Tuesday, January 27, 2015

Dyer-Witherford, N. & de Peuter, G. (2009). Games of empire: Global capitalism and video games. Minneapolis, MN: University of Minnesota Press.

Categories: Technology, Theory & Rhetoric


Summary: 

Ten years after addressing power stuggles on the Internet in Cyber-Marx, Dyer-Witherford brought his approach to autonomist Marxist theory to video games. These games, Dyer-Witherford and de Peuter argue, allow individuals to experience a variety of different perspective, from the humble plumber Mario, to the roll of a god controlling worlds. The variety of these experiences influence the thinking of the gamers, making them more aware. Companies and corporations recognized such opportunities to influence the gamer audience, and the Marxist power struggle continues to cycle into the imaginary universes created in video games. In their unabashedly anti-capitalism approach, they redefine Empire and other terms (such as Immaterial Labor, pp. 4-6; Playbor Force, pp. 23-26; Cognitive Captialism, chapter 2; Biopower, chapter 6; etc.) to suit their needs and beliefs, exploring the concepts in the field of electronic gaming. They also explore: the machine's influence and participation in these cycles of struggle, the impact of virtual reality on reality, the effect of war, the ability for games to merge different cultural groups (such as rap culture and gamer culture), imprisonment through and in gaming, and political and cultural simulation through video games.

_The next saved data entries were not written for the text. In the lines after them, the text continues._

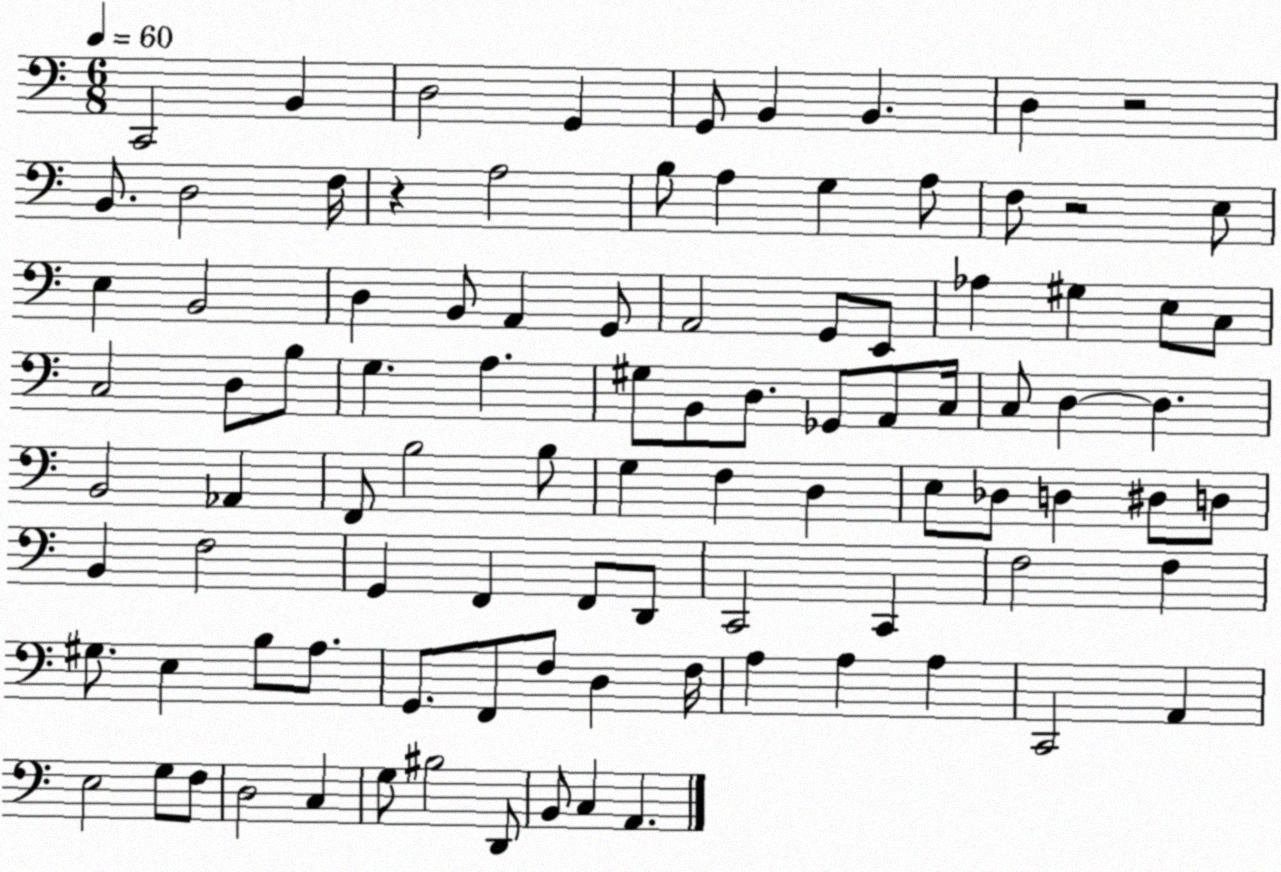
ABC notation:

X:1
T:Untitled
M:6/8
L:1/4
K:C
C,,2 B,, D,2 G,, G,,/2 B,, B,, D, z2 B,,/2 D,2 F,/4 z A,2 B,/2 A, G, A,/2 F,/2 z2 E,/2 E, B,,2 D, B,,/2 A,, G,,/2 A,,2 G,,/2 E,,/2 _A, ^G, E,/2 C,/2 C,2 D,/2 B,/2 G, A, ^G,/2 B,,/2 D,/2 _G,,/2 A,,/2 C,/4 C,/2 D, D, B,,2 _A,, F,,/2 B,2 B,/2 G, F, D, E,/2 _D,/2 D, ^D,/2 D,/2 B,, F,2 G,, F,, F,,/2 D,,/2 C,,2 C,, F,2 F, ^G,/2 E, B,/2 A,/2 G,,/2 F,,/2 F,/2 D, F,/4 A, A, A, C,,2 A,, E,2 G,/2 F,/2 D,2 C, G,/2 ^B,2 D,,/2 B,,/2 C, A,,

Well-written and grounded in examples, this work will appeal to those already of a similar ideological mindset of the authors, while those in opposition will find the same concerns and problems that have been stated elsewhere in hundreds of debates on the subject. The authors defend their position, but their lack of a balanced approach (indeed other ideologies are merely insulted instead of addressed through the work) leaves room for improvement in the work.

Citation-worthy:

"Games once suspect as delinquent time wasters are increasingly perceived by corporate managers and state administrators as formal and informal means of training populations in the practices of digital work and governability" (Dyer-Witherford & de Peuter, 2009, p. xix).

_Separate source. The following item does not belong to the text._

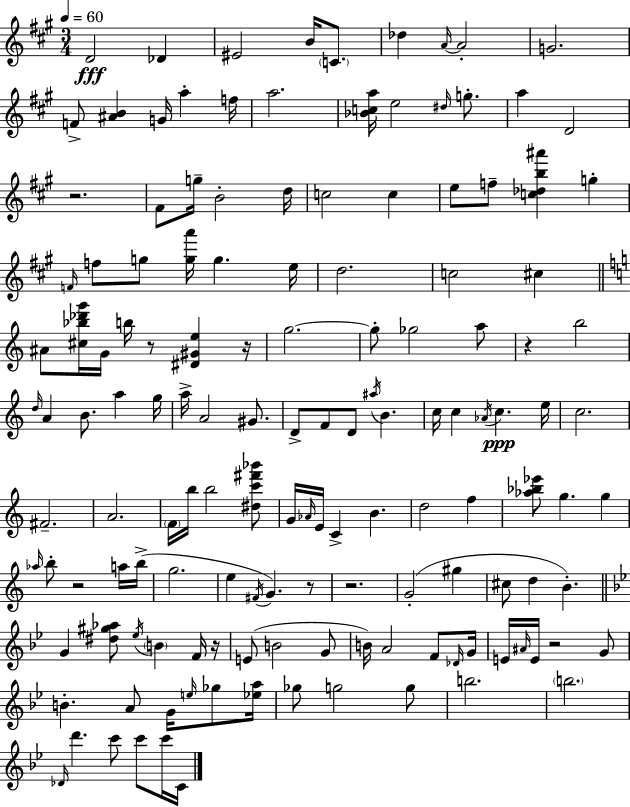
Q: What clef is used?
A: treble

"Empire [is] encapsulated [in] a wider experimental fusion of Marxist militancy and poststructuralist theory. It circulates novel concept--biopower, immaterial labor, multitude, exodus--among students of globalization" (Dyer-Witherford & de Peuter, 2009, p.xxi).

"We work with a revised and modulated version of Empire. By Empire, we mean the global capitalist ascendancy of the early twenty-first century, a system administered and policed by a consortium of completitively collaborative neoliberal states ... to  an increasingly dubious preeminence" (Dyer-Witherford & de Peuter, 2009, p.xxiii).